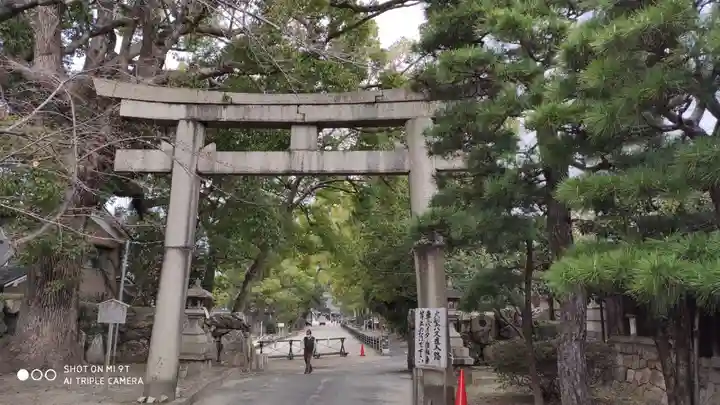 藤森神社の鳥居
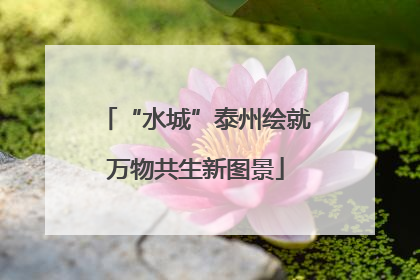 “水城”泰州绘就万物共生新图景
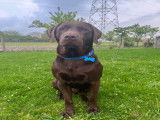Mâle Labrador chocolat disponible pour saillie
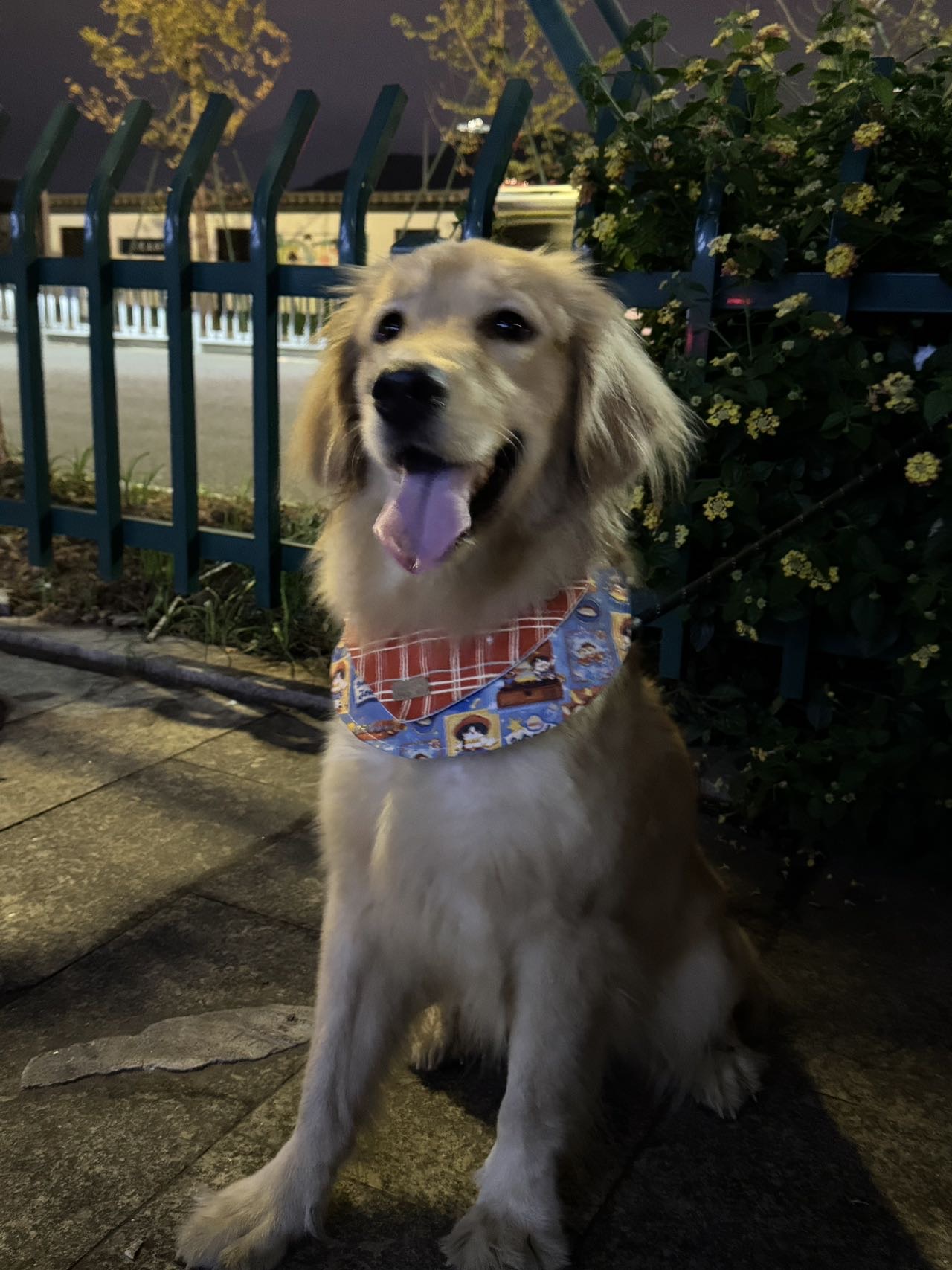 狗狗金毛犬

About this task:
Set down all of the material word for word, minus its pictures.

Solution for this task:
 藤森神社の鳥居
 “水城”泰州绘就万物共生新图景
Mâle Labrador chocolat disponible pour saillie
 狗狗金毛犬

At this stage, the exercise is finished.